* **WHAT NEEDS TO BE DONE**: Pictures aside, repeat the whole listing word for word.

* **THE RECORDS**:
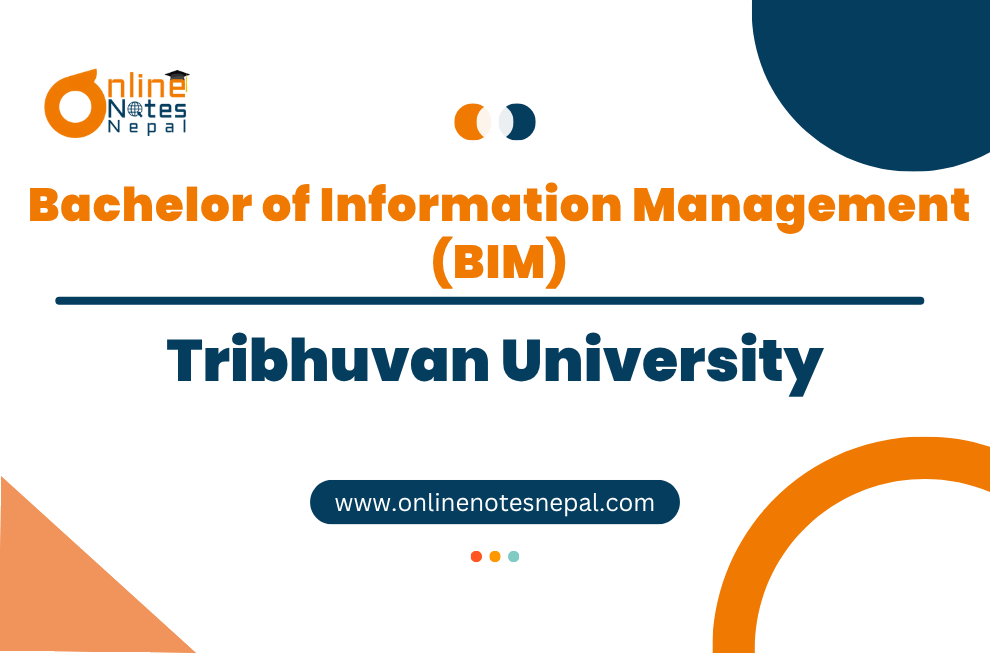Bachelor of Information Management (BIM)
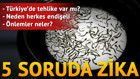 5 soruda Zika virüsü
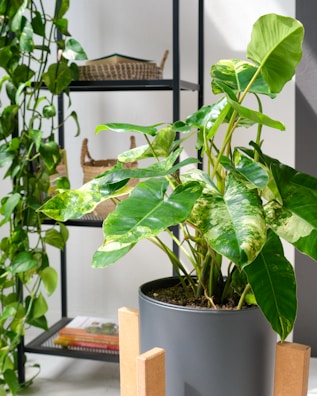 a potted plant sitting on top of a wooden stand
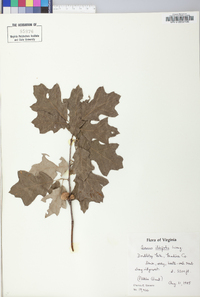 Quercus ilicifolia image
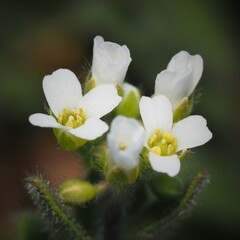 Tomostima platycarpa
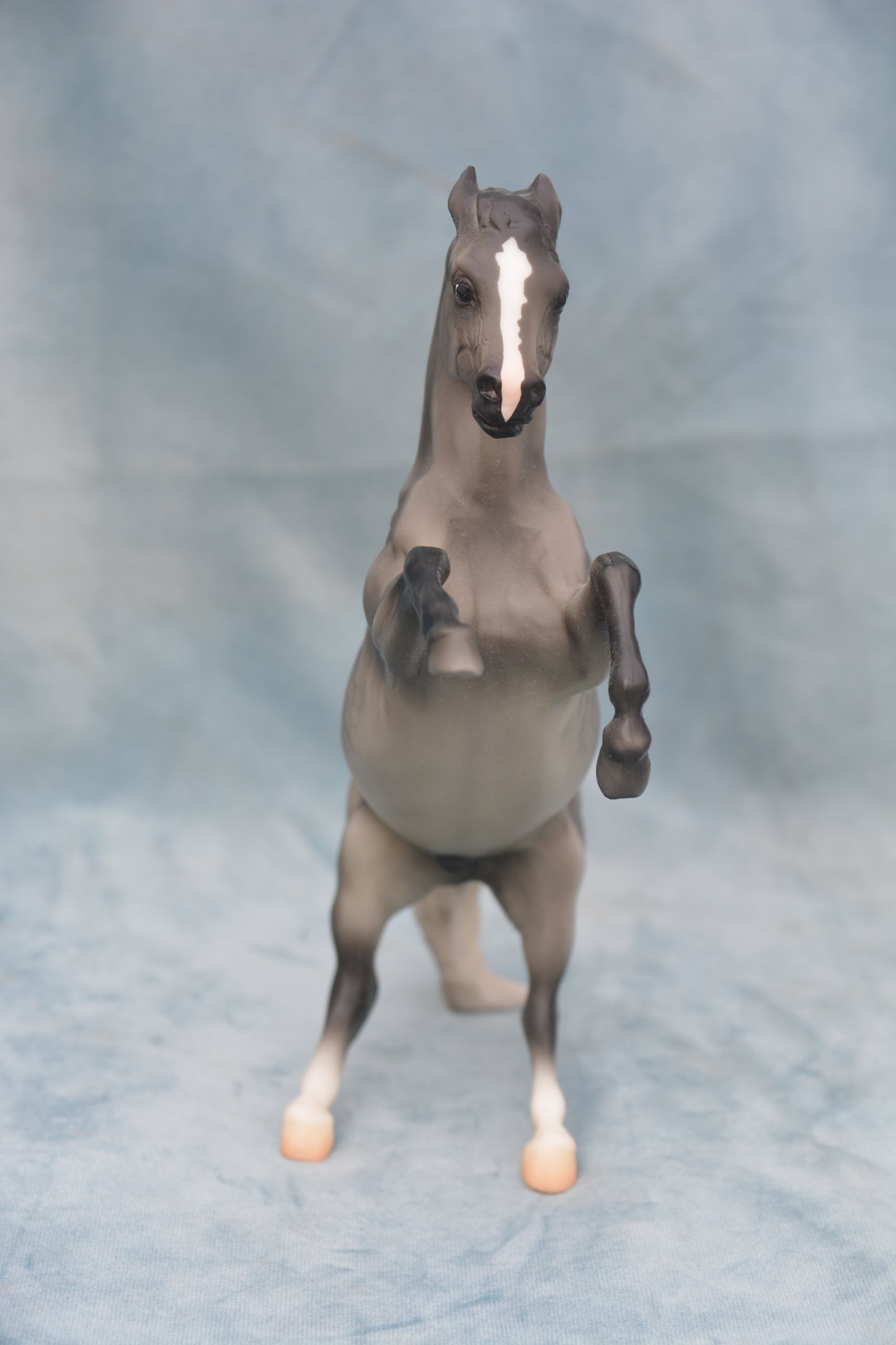 Dapple Grey Mustang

* **WRITTEN ANSWER**:
Bachelor of Information Management (BIM)
 5 soruda Zika virüsü
 a potted plant sitting on top of a wooden stand
 Quercus ilicifolia image
 Tomostima platycarpa
 Dapple Grey Mustang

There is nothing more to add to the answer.